Touted as a “think and do” conference, the aim of the summit was to create a five-year plan to reduce crashes and safe mobility for older drivers in Massachusetts. Summit participants included academics, engineers, car makers, policymakers, occupational therapists and other medical professionals, police officers, insurance providers, elder service specialists, and heads of councils on aging.
Joseph Coughlin, director of the MIT Age Lab, called driving “the glue that holds life together” for all ages. He said, “It’s time to stop the studies and start devising alternatives” like smarter cars, user-friendly public transportation, more innovative sharing options like Zipcars, and accessible community planning around town centers.
Massachusetts Secretary of Transportation Stephanie Pollack wrapped up the summit with a call to action.
“Today is not an end, it is a beginning,” she said, referring to the forthcoming blueprint for the Commonwealth.
Her staff will compile ideas on infrastructure improvements, vehicle design innovations, policy questions, education for older road users and the public, transportation options for older adults, insurance and liability concerns, and the medical impairment of drivers. “We will integrate our individual ideas in a unified plan.”
Throughout the daylong event, attendees could choose from four tracks on infrastructure, health care, mobility, and policy given by almost four dozen presenters and panelists. They also listened to Ron Medford describe Google’s prototype autonomous car that is currently being tested in four states and boasts onboard software and sensors that are accurate within 10 cm. Summit attendees saw demonstrations by Ford, including its self-parking care and age simulation suit, a heavily padded garb that instantly adds 30 years to your age allowing automotive engineers to better understand the limitations of senior mobility.
Nationally, two thirds of seniors over the age of 80 are still driving and they are spending more time behind the wheel today than in past generations.
Massachusetts seniors are involved in 20 percent of car accidents resulting in a median hospital stay of four days, and with rehabilitation and other medical costs associated with recovery, the over-65 age group spent $28.5 million in 2013 on crash-related health care expenses.
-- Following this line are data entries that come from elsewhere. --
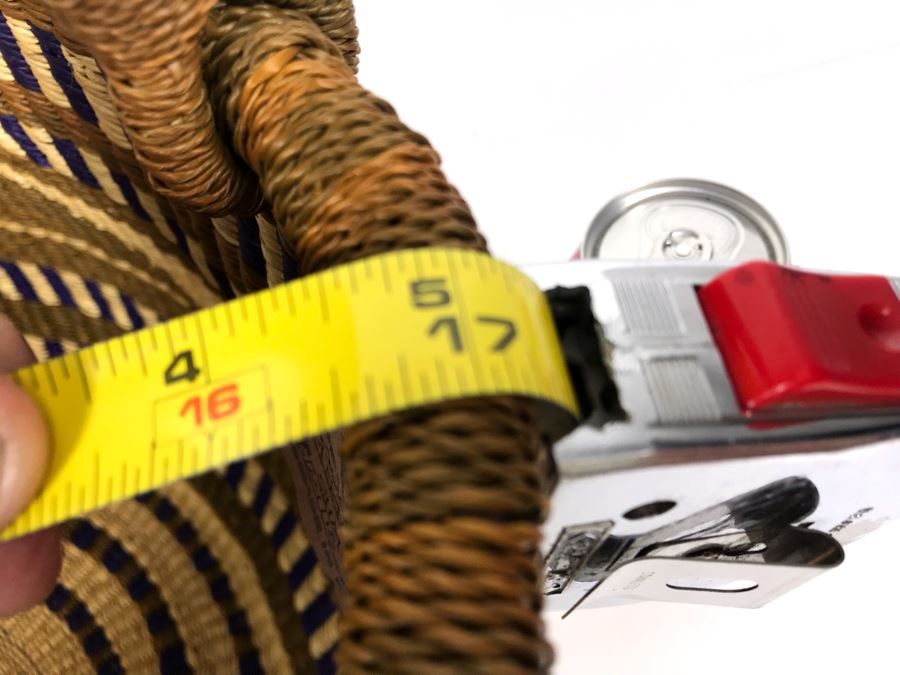 Alaffia Authentic Market Basket Handwoven African Grass Basket [Photo 6]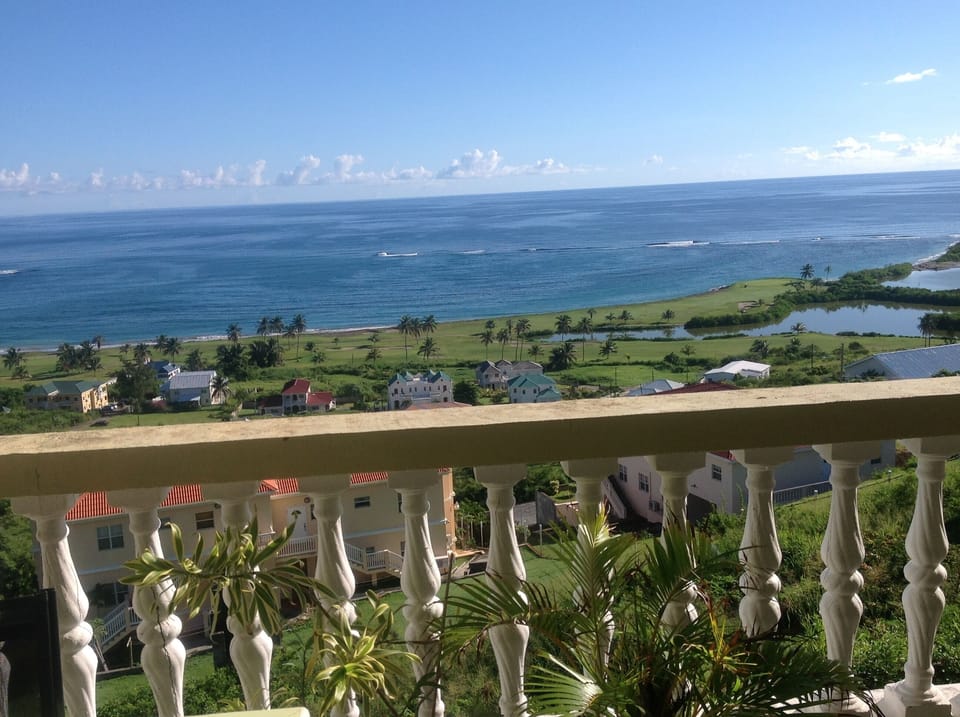 Stunning panoramic views of the Atlantic ocean and golf course.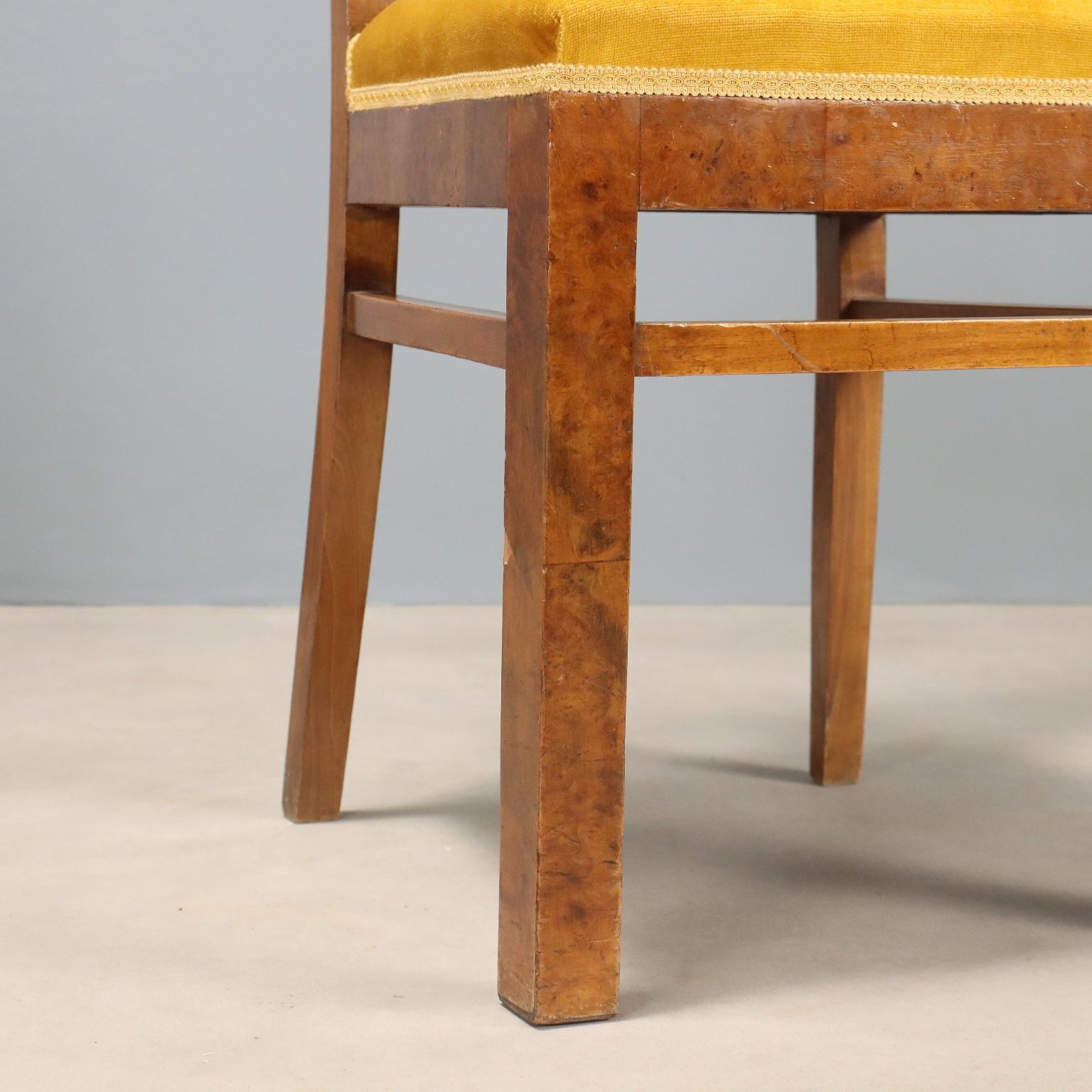 Art Deco stoelen, wortelnoten fineer, Italië, 20e eeuw photo buy
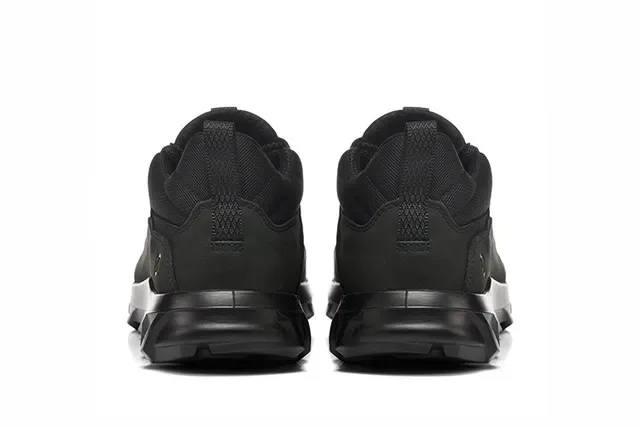 ECCO Black Mixed-Material Lifestyle Sneakers 8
Although crash and fatality numbers are actually decreasing thanks to better roads and safer automobiles, “the trend is going in the right direction but there is certainly room for improvement,” noted UMass Boston Professor Elizabeth Dugan, an expert on older drivers and state transportation policies who organized the conference. “We aren’t ready yet,” she continued. “We need a basic reengineering of society to be age-friendly and transportation is a key component.”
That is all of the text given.